Crawled caption data:
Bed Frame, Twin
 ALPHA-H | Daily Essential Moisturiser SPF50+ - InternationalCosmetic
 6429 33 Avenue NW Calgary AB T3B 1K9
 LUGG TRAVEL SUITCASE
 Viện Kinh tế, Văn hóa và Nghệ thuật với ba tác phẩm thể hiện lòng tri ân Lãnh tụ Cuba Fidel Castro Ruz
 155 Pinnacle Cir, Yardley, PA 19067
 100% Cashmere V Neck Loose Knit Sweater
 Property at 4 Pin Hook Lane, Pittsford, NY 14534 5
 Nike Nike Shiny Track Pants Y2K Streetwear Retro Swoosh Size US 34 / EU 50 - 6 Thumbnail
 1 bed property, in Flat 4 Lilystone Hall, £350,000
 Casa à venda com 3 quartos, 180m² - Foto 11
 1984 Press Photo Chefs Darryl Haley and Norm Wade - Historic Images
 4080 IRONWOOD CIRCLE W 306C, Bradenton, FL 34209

## WHAT IS NEEDED:
Copy the lines above exactly, beginning at the line that has "LUGG TRAVEL SUITCASE" and stopping after the line that has "Property at 4", and omit the rest.

## RESPONSE AREA:
 LUGG TRAVEL SUITCASE
 Viện Kinh tế, Văn hóa và Nghệ thuật với ba tác phẩm thể hiện lòng tri ân Lãnh tụ Cuba Fidel Castro Ruz
 155 Pinnacle Cir, Yardley, PA 19067
 100% Cashmere V Neck Loose Knit Sweater
 Property at 4 Pin Hook Lane, Pittsford, NY 14534 5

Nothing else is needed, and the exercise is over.